Prepared by lawyer David Couch of Little Rock, the ballot-issue guru, the proposed amendment would wrest congressional and state redistricting power from legislators, the governor, the attorney general and the secretary of state. It would vest that power in a nine-member citizens committee composed of three Republicans, three Democrats and three others chosen from applicants screened by a panel of retired appellate and circuit judges appointed by the chief justice of the state Supreme Court.
The power would seem to reside in the three "others."
Commissioners couldn't be officeholders or lobbyists or party officials or immediate relatives thereof.
The petitioning groups are Indivisible of Little Rock and Central Arkansas, the Arkansas Public Policy Panel, the Urban League of Arkansas, the Citizens First Congress, Arkansas United, the Arkansas State Conference of the NAACP, the Arkansas Education Association, the League of Women Voters of Pulaski County, and Arkansans for a Unified Natural State.

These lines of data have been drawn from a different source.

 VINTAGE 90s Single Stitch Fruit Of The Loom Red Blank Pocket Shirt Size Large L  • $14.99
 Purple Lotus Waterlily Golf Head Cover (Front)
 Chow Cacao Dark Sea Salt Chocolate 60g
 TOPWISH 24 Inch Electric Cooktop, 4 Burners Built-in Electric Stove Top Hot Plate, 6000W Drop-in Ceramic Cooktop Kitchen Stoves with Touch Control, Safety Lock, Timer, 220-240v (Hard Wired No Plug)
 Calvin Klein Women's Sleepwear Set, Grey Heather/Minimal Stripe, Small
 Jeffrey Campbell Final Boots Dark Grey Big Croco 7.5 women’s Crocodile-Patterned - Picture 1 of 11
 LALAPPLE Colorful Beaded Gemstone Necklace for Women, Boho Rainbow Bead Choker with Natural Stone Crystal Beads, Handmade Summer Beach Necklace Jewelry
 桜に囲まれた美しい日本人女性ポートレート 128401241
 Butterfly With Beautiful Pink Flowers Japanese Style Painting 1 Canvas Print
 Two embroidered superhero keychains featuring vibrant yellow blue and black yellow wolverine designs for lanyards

Couch says this proposal is basically the same one he filed for the 2020 ballot when, if passed, would have applied to the decennial redistricting just completed with such Republican flourish. The supportive groups collected well more than the required signatures only to have the Republican-inclined state Supreme Court toss the issue from the ballot on the most ticky-tack of technicalities.

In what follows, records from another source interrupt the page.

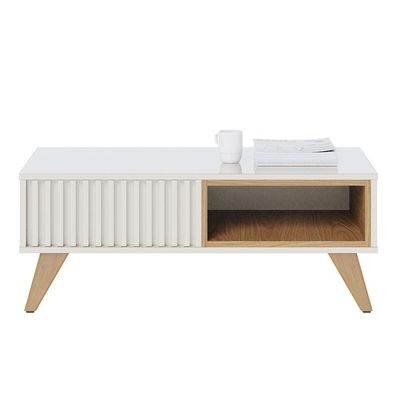 Mesa de Centro Ripado 90x35cm Jeri Colibri Off White Freijó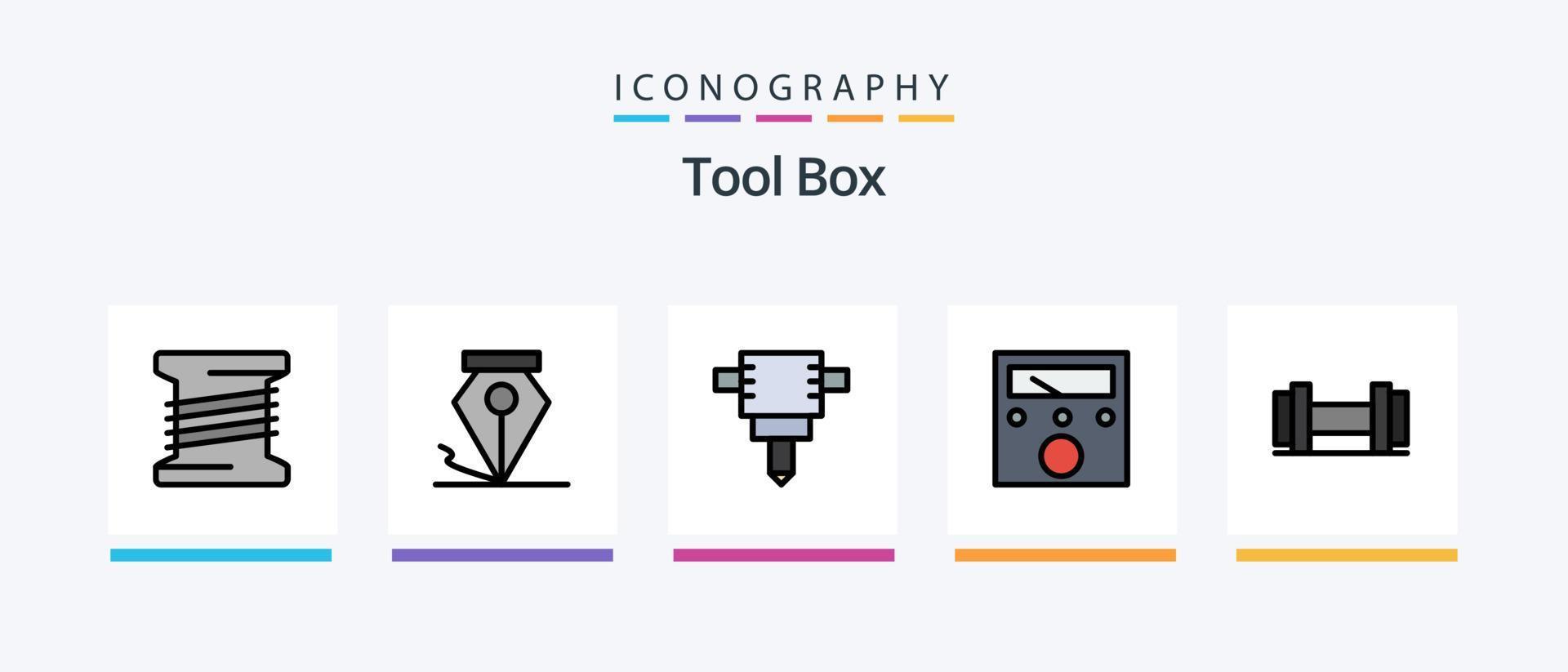 Tools Line Filled 5 Icon Pack Including . bobbin. meter. Creative Icons Design vector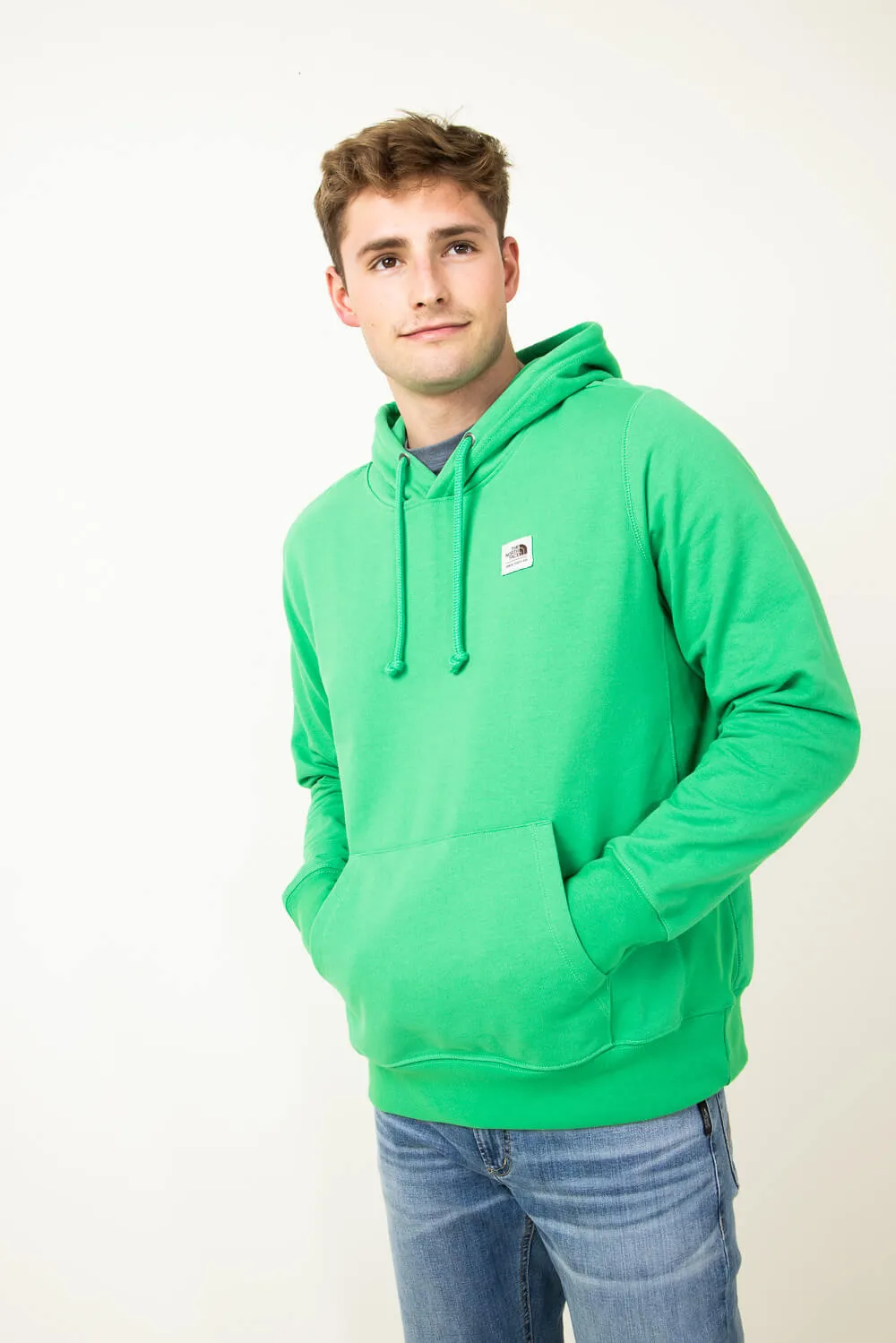 The North Face Heritage Patch Hoodie for Men in Green | NF0A7UNU-PO8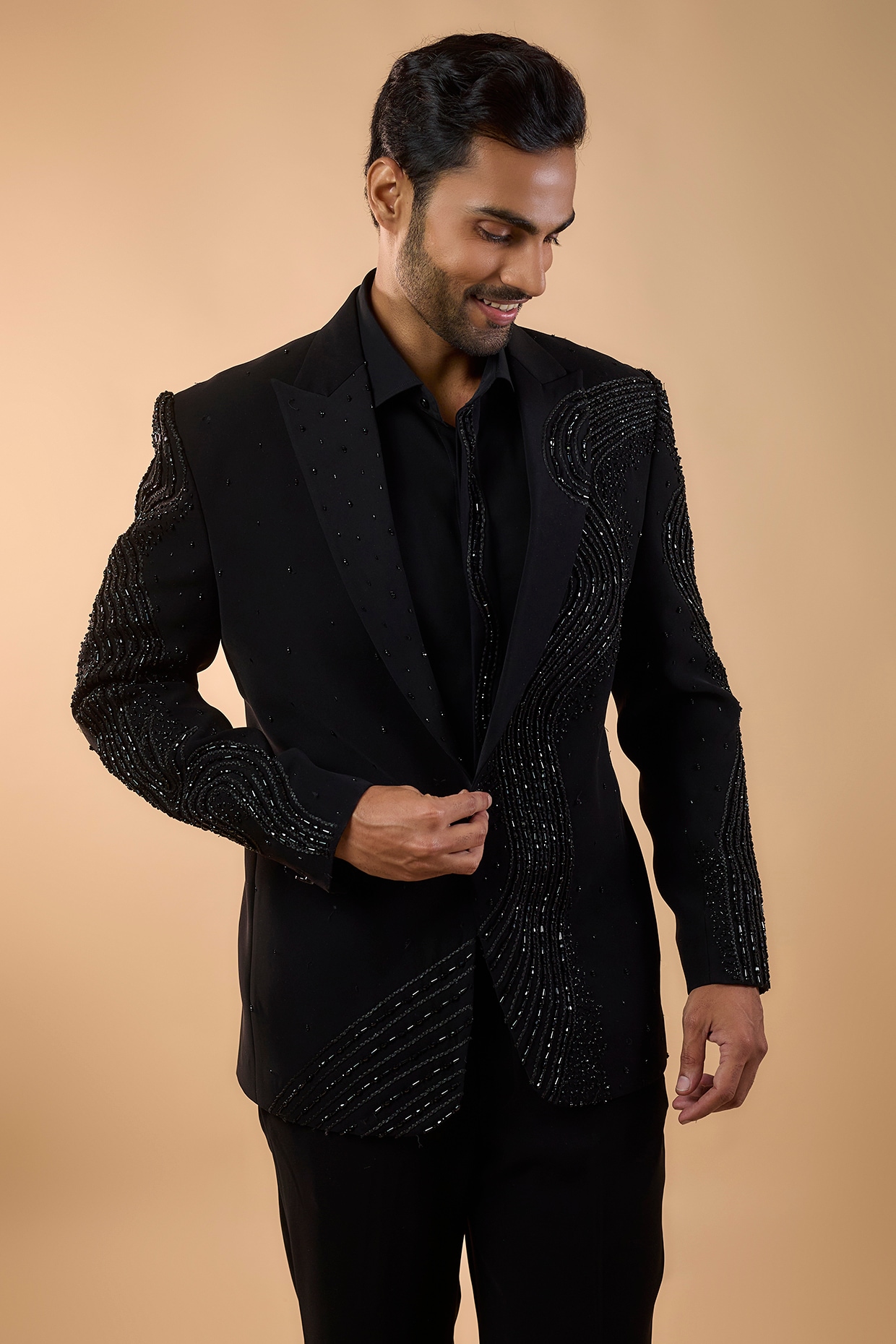 Black Boomario Fabric Thread Handwork Blazer Set, view 4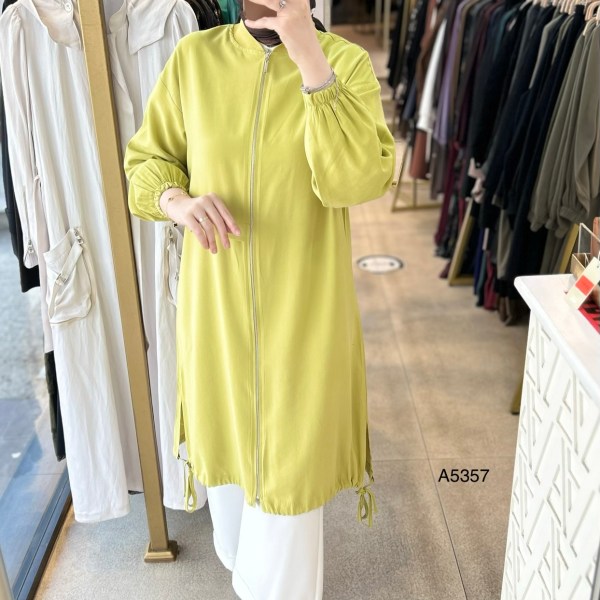 A5357 Kolları Lastikli Fermuarlı Kap - Görsel 4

That basis was that a new state law later struck as unconstitutional required paid canvassers for signatures to have "passed" background checks. The professional canvassers for this amendment and a couple of other ballot initiatives last year had attested they had "acquired" background checks.
Most background checks are simple reports that persons acquire. Reports don't declare passage or failure. They tend to come back saying "nothing found," instead of "congratulations, you passed."
This time, hired canvassers chasing the valid signatures of the 89,151 registered voters in 15 counties will face different restrictions pursuant to a newer law, Act 951 of 2021. They may not be from out-of-state and they may not have committed any of a number of listed crimes.
It will be harder now to collect signatures without trained out-of-state crews for hire. But at least canvasser disqualification will be based on searchable police records of clearly listed offenses rather than word trickery.
Meanwhile, in Washington, Democrats are pushing a voting-rights law they probably can't pass that has a section making it expressly unlawful for states to engage in "gerrymandering" to redraw districts.
Gerrymandering can be in the eye of the beholder, but this provision would allow a judge to consider stark demographic and partisan changes that clearly enhance electoral prospects for one side or the other.
Current case law makes it difficult to allege general gerrymandering absent a clear splitting of minority voters raising racial discrimination issues, such as surely we confront in Pulaski County.
The congressional bill expressly permits--not that they are disallowed now--independent state citizens' commissions instead of politicians for federal districting.
It's not unlawful to do redistricting in a way that seeks to spare sitting state legislators from being put into new districts in which they'd have to run against each other. It's just tacky for those legislators to lean on a governor, attorney general and secretary of state of their party to protect them.
An independent commission could consider incumbent protection but merely as a guideline based on established voter preference, not on partisan self-interest.
It would be better for political self-interest to be considered by an independent citizens' panel divided among Republicans, Democrats and others three ways, which reminds me again how Republicans divided Pulaski County.